● Records provided
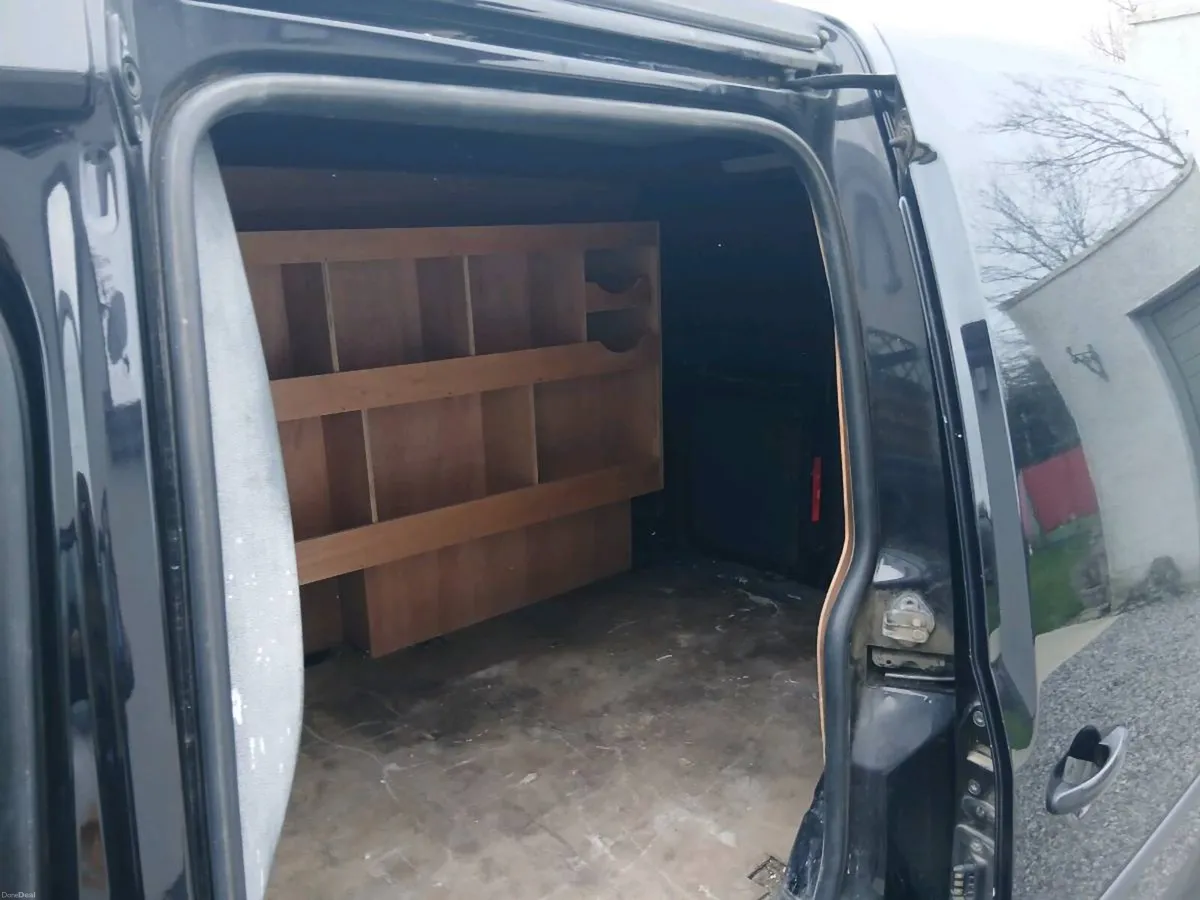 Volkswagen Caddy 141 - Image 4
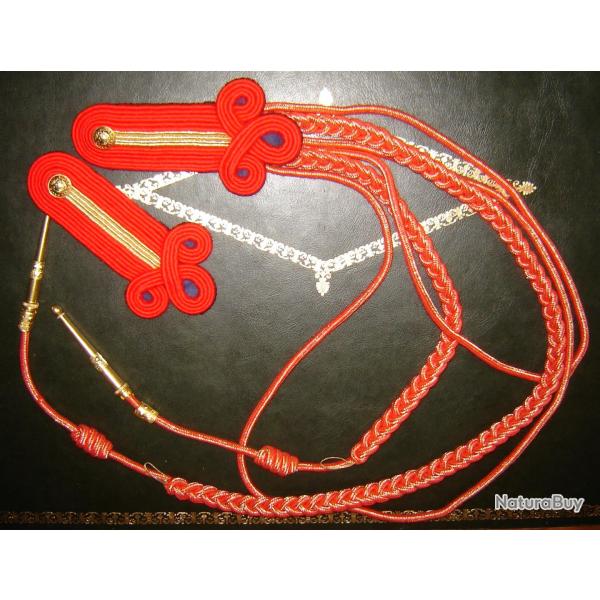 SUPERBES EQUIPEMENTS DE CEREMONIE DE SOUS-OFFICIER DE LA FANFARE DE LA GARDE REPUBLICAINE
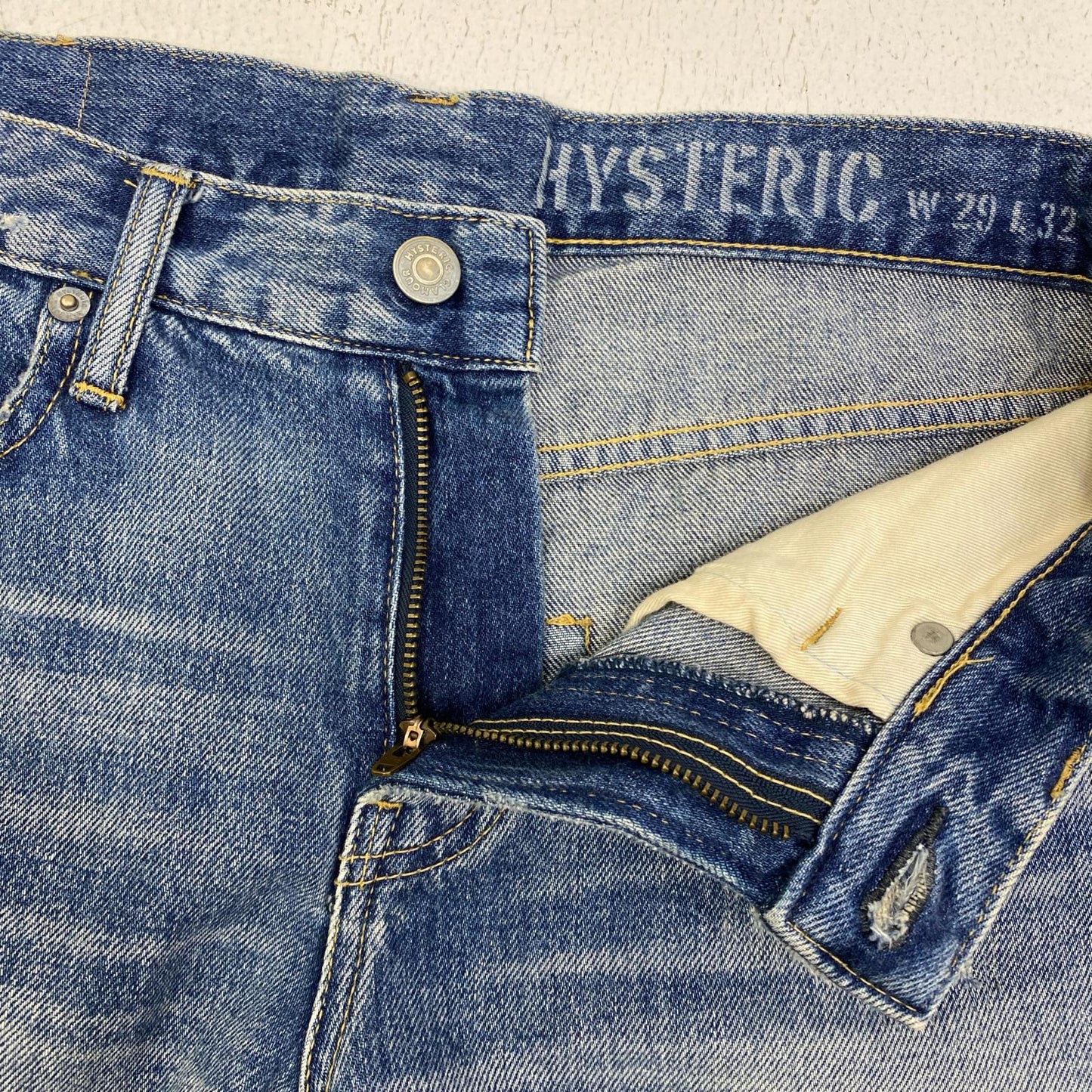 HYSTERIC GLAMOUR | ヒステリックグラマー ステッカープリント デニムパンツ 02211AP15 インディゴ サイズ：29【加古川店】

--

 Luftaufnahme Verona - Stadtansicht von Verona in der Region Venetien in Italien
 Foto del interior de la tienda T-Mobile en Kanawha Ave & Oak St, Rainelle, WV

---

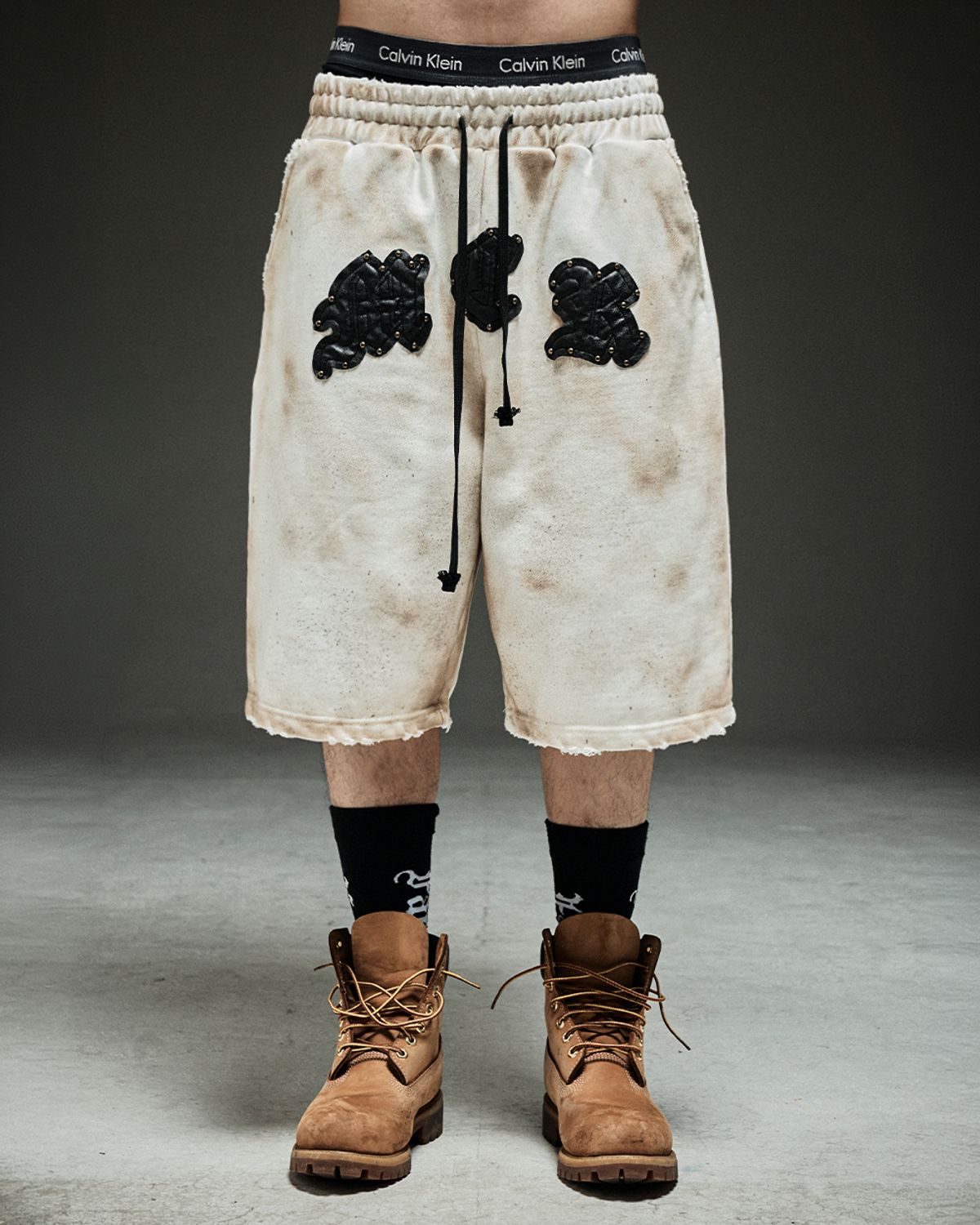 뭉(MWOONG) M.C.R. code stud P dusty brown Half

● Aim of the task
Make an exact copy of the lines above, beginning with the line with "SUPERBES EQUIPEMENTS DE" and ending with the line with "HYSTERIC GLAMOUR |", and keep the pictures out of it.

● Solution for this problem
 SUPERBES EQUIPEMENTS DE CEREMONIE DE SOUS-OFFICIER DE LA FANFARE DE LA GARDE REPUBLICAINE
 HYSTERIC GLAMOUR | ヒステリックグラマー ステッカープリント デニムパンツ 02211AP15 インディゴ サイズ：29【加古川店】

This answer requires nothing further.